Любовь к Фаине — самая сильная и самая подлин­ная страсть в Мальгинове. Автор утверждает это серь­езно и твердо. Ну, струсил немного герой, а вы бы не струсили на его месте? Ну, хотел все уладить, чтобы шито-крыто, чтобы все шло как шло, как вчера, так и завтра, а вы бы не хотели? Что бы там ни было, мелкий он по-вашему или крупный, одаренный человек, он же любил ее! Вот в чем дело!

Любил. И эта любовь такова: «У нее была прекрас­ная грудь — грудь, которая составила бы честь восемна­дцатилетней девушке»; «На груди кожа была особенно тонкой и гладкой. Ты медленно водил по ней пальцем, касался языком пупырчатого соска»; «Чутким пальцем ведешь по тонкой, изумительной белизны коже с голубыми прожилками, подкрадываешься к коричневому соску, который пугливо съеживается, темнеет, пупырыш­ки проступают на нем»; «Узкая и гибкая, умеренно обна­женная, с родинкой чуть выше линии выреза...»; «Салат­ное платье ровно и тонко облегает узкую спину... Сзади светлеет аккуратный вырез, проходящий чуть ниже не­большой родинки».

Что любовь «отрицательно-положительного» Мальгинова, что любовь «положительно-отрицательного» Рябова — «художественные средства» те же. Герои явно не стесняются, есть ли для них что-нибудь такое, что не выговоришь? Женское тело описывается с дотошностью естествоиспытателя, с лупой в руках исследующего свой предмет...

Автор чувствует себя молодцом, оттого что его герои свободны от всяких условностей... О «пупырышках» любимой готовы растрезвонить всему свету... Какая-то удивительная тяга к публичности, к коллективному раз­глядыванию и смакованию... Чем-нибудь другим поде­литься не хочется, а этим непременно и поскорее...

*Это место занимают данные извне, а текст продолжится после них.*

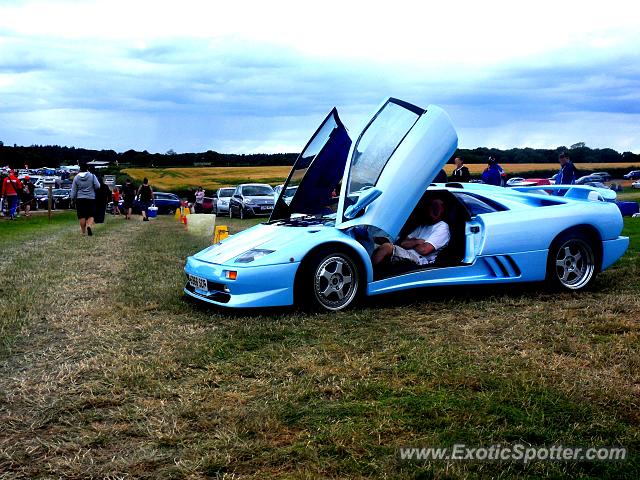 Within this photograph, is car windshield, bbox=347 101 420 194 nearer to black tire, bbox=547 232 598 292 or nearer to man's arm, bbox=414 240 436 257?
man's arm, bbox=414 240 436 257

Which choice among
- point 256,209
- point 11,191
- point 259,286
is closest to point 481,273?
point 259,286

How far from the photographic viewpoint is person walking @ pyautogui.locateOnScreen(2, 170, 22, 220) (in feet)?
82.7

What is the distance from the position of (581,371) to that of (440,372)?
865 millimetres

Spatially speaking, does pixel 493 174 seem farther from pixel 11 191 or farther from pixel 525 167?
pixel 525 167

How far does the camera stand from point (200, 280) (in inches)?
272

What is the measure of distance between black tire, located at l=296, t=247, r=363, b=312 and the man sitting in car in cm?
37

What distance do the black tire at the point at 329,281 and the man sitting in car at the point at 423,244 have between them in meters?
0.37

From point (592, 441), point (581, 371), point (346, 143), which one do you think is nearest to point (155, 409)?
point (592, 441)

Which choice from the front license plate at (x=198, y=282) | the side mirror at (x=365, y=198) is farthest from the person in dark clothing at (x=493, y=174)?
the front license plate at (x=198, y=282)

(Кстати, Р. Киреев, видимо, впервые в мировой лите­ратуре изобразил пылкую любовь в зубоврачебном кресле. Будущая жена Мальгинова была зубным врачом... Жаль, что не принято патентовать «художественные от­крытия» этого рода. Состязательность в этой увлекатель­ной области нарастает, и нельзя, чтобы чей-то авторский приоритет был ущемлен. Если, например, в «Ягодных местах» Е. Евтушенко изображена любовь в детской пе­сочнице с совком под спиной, то все последующие описа­ния аналогичных случаев, даже самые высокохудоже­ственные, должны быть осознаны критикой как вторич­ные.)

В мальгиновских страстях, кажется, есть все, — ка­кова зоркость! а вкус? — но один недостаток: нет ничего похожего на истинную любовь к другому человеку. В живописаниях страстей нет места для живого чувства, для жизни души и духа.

«Как идет ей, оказывается, салатный цвет!» — послед­нее воспоминание героя о Фаине.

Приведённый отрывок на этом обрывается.